According to court proceedings Wednesday, the delivery person got a call for an order and went to make the delivery. A woman at the address informed the victim that she did not order pizza. The victim called back to work and received a different address. The victim then went to knock on the door of the new apartment when a masked assailant put a pistol against him and demanded money.
Assistant District Attorney Paul Stalcup explained to the court that it was a "rather complicated case" in which evidence would show that more than one person was involved. Stalcup said investigators found out the person calling in the fake orders lived in one of the Harvest Grove apartments.

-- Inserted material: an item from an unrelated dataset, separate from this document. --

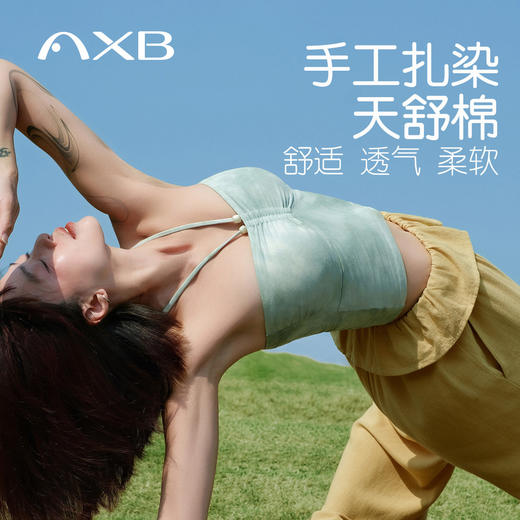 爱暇步2026春夏新款瑜伽吊带背心带胸垫女可外穿扎染瑜伽运动内衣 商品图3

Petty reportedly admitted to "some participation" in the Harvest Grove incident while in Newton County Jail for an unrelated matter. However, Stalcup said that the audio was not working during Petty's taped interview with law enforcement.
"Their interview room recording system didn't work? They're still using silent movies in Newton County?" Nation asked.
"Apparently this has been going on for some time," Stalcup said. "This is not the only case."
"You can't get a lip reader?" Nation said.
There would not be much of a case without the taped interview, Stalcup told the court, saying it would be more of a "he-said, she-said" situation.
The state had "some other collateral evidence" according to Stalcup. But after considering all the facts, the state decided to prosecute only the gun charge and recommended a straight five-year sentence.
"So that (armed robbery charge) goes out the window?" Nation asked.
Local attorney David LaMalva, who represented Petty, said he discussed potential risks with his client and they thought a negotiated guilty plea to the gun charge was in Petty's best interest.
Stalcup also added that the state discussed the situation with the victim.
Nation recounted an incident in which a pizza delivery robbery turned into a murder.
"This reminds me, a little bit, of a case we had 10 or 12 years ago, we had a pizza delivery person murdered, shot and killed," Nation told the court. "These things can be very serious and this is being dropped ... but this is the bargain that you all agreed on."
Nation followed the state's recommendation and sentenced Petty to five years in confinement.